Mortgage rates continue to be a hot topic of conversation and for good reason! Rates have increased since the start of the year, and not by an insignificant amount. Why is this so important? When mortgage rates increase, it means that your buying power decreases. Therefore, timing your home purchase so that you're buying before those rates get sky-high is incredibly important.

So, how do you know where the rates are headed? How are experts making their predictions?

Today we’re pulling back the curtain and sharing some insight into some of the key indicators that will help you get a pulse on where mortgage rates are headed and what that means for your home purchase. 
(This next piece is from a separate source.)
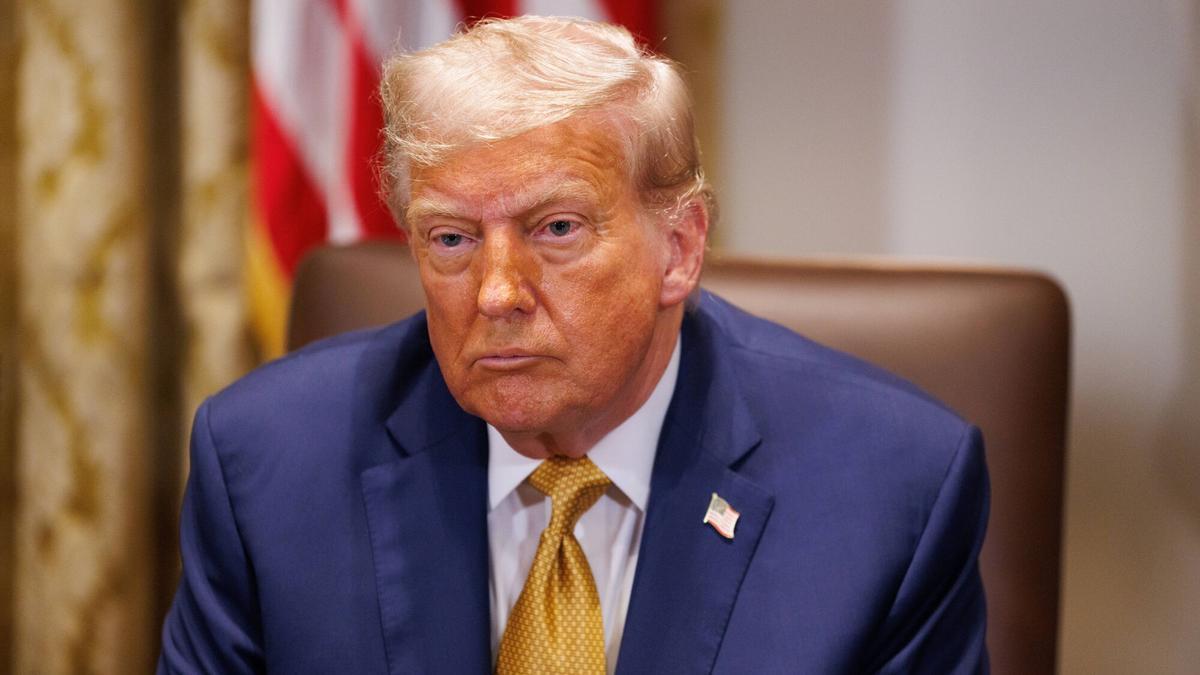 Desde ultratumba, Epstein provoca una potencial crisis política para Trump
How To Tell Where Rates are Headed

A great way to get a sense of where mortgage rates are headed is by looking at the 50-year history of the 10-year treasury yield and projecting where the trends are going next. You might be thinking, "I have no idea what the treasury yield is all about." Not to worry! The key factor here is to look at the correlation between how the treasury yield moves and how mortgage rates follow. The graph below from Keeping Current Matters depicts this relationship:

What this data shows us is that the correlation between the treasury yield and mortgage rates is continuing into this year. As of two weeks ago, the treasury yield was 1.81%, which is 1.74% below the mortgage rate reported that same day and is in line with the average spread that we typically see between the two numbers (~1.7).
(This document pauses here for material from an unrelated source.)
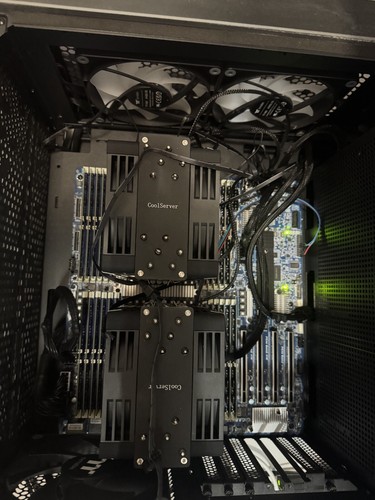 Gigabyte MZ73-LM0 (rev 2.0) Server MotherBoard Support AMD EPYC 9004 - Afbeelding 2 van 2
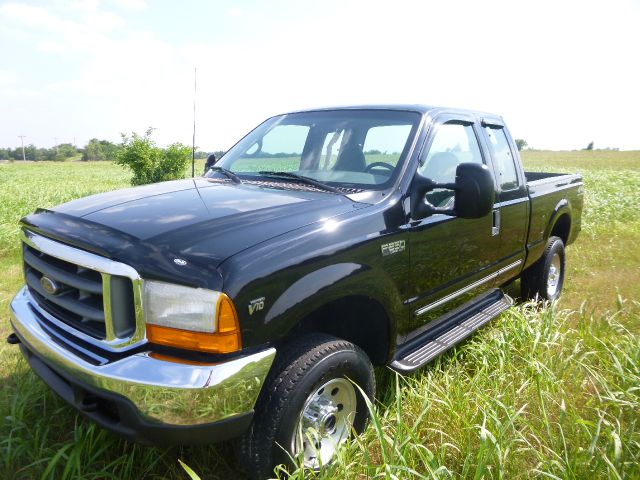 2000 Ford F250 SE Well Kept Alloy Wheels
What Does the Future Hold?

Now that we understand the correlation between treasury yield and mortgage rates, we can forecast what we might see in the future. The Wall Street Journal just surveyed a panel of over 75 academic, business, and financial economists and asked them to forecast treasury yield over the next few years.
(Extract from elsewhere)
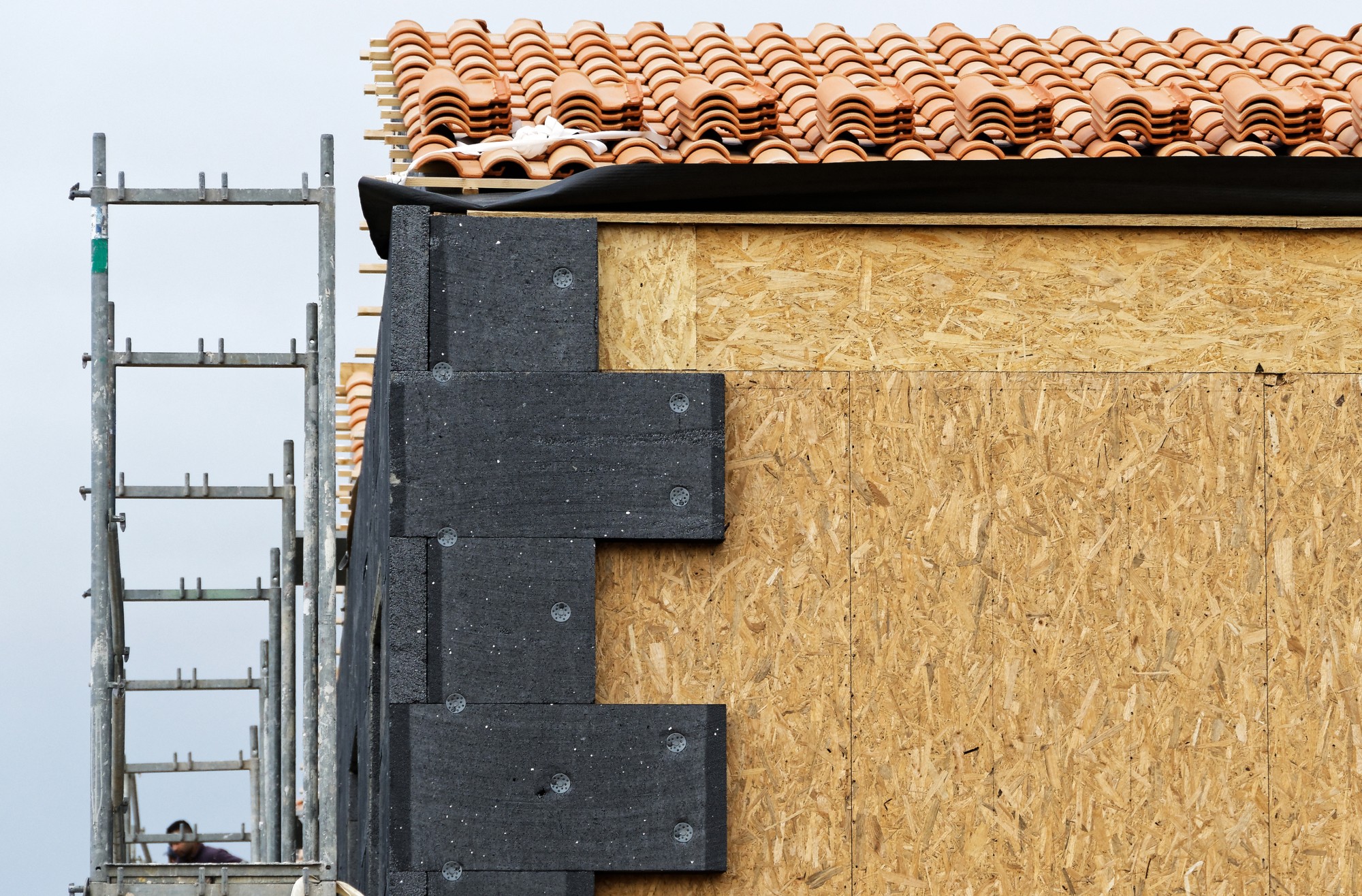 AIS-N [CP] Taco de fijación de paneles aislantes. Negro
The experts predicted that treasury yield will climb to 2.84% by the end of 2024. Taking what we know about the correlation between treasury yield and mortgage rates, that would put rates at about 4.5% in three years. 


Now, it’s important to understand that this correlation should not be used as an exact indicator. Both mortgage rates and the treasury yield are difficult to accurately forecast. Still, having a grasp on this relationship and the current information we have available to us today can help you get an idea of what mortgage rates will look like in the future. Based on the data we have, mortgage rates will continue to rise over the next few years, which is important to understand if you're currently house hunting. 


What Does This Mean In Terms Of Purchasing Power

As mortgage rates increase, so do your monthly payments. Let’s take a closer look at how this all plays out. Let’s say you can afford a monthly mortgage payment (principal and interest) of $1,900. At a 3.00% mortgage rate, that would allow you to purchase a $440,000 home. However, at a 5.00% interest rate, that same payment would only allow you to purchase a $360,000 home. This example demonstrates how waiting can result in less purchasing power and, in turn, fewer options out there.


The graph below from Keeping Current Matters further highlights how mortgage rates can impact your purchasing power. 


Bottom Line

While we don’t have a crystal ball to tell us for certain where mortgage rates are headed, we do have some strong data that allows us to better predict what they might look like over the next few years. By understanding some of the key mortgage rate indicators, you can have a clearer insight into what the experts are predicting and can make an informed decision about the timing of your home purchase!